La palabra misericordia nos habla de saber meter dentro del corazón la miseria, las necesidades de los demás, para poder tener compasión y movernos a socorrer. Dios, que es un Padre bueno, es esencialmente misericordioso. Lo más propio de Dios es tener misericordia, compadecerse de nuestras debilidades y perdonarnos siempre. Si nos impresiona un Dios que crea, un Dios que se encarna y nos redime, más nos ha de impresionar un Dios que perdona siempre porque es la Misericordia.
La misericordia, expresión de la caridad, es el núcleo central del mensaje cristiano. Con ella se promueve la paz en el mundo, entre los pueblos y las religiones; ayuda a descubrir el verdadero rostro de Dios, además del verdadero rostro del ser humano y de la Iglesia. Si de verdad fuéramos más misericordiosos todos estos valores cristianos, que son a la vez plenamente humanos, serian una realidad en nuestro mundo.

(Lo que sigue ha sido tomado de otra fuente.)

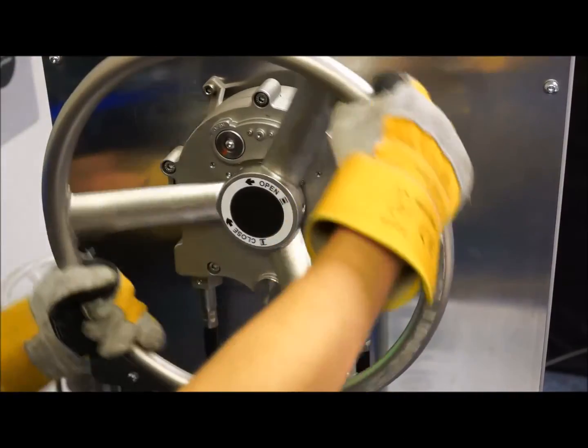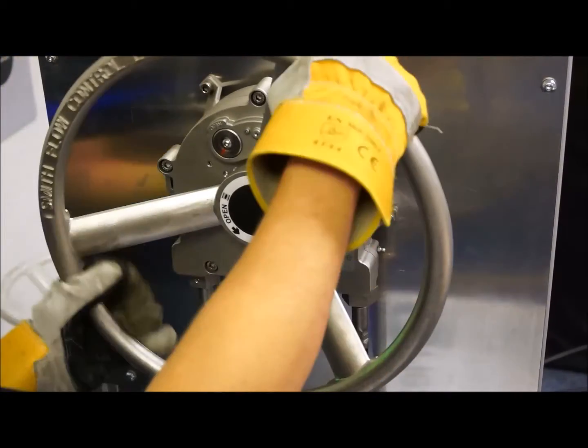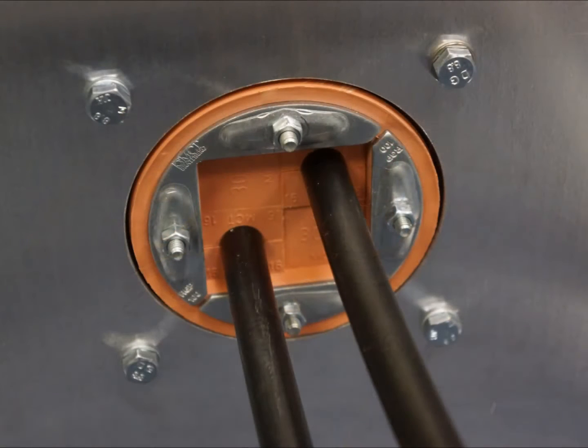FlexiDrive is Smith Flow Control's solution to remote valve operation, enabling valves to be operated in hard to reach or hazardous locations. A visible system position indicator depicts the position of the valve at the operator's station, and the flexible cable can facilitate bends of up to 540 degrees and pass through walls, floors and bulkhead seals.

Cuando Juan Pablo II canonizó a santa Faustina Kowalska nos recordó que la luz de este mensaje de misericordia ha de iluminar al hombre del tercer milenio. Para hacerlo realidad podríamos empezar todos por ejercer las obras de misericordia de las que nos habla Jesús en el evangelio, y que podemos realizar mediante la palabra, la acción y la plegaria. Todos tenemos cerca gente necesitada; y no sólo los que carecen de los bienes más básicos, sino también los que no gozan de cariño, de afecto, de compañía, de apoyo, puesto que la miseria material no es la única ni la más grave de los carencias de tantos hombres y mujeres que nos rodean en este mundo nuestro, a menudo tanto lleno de cosas y tanto vacío de amor.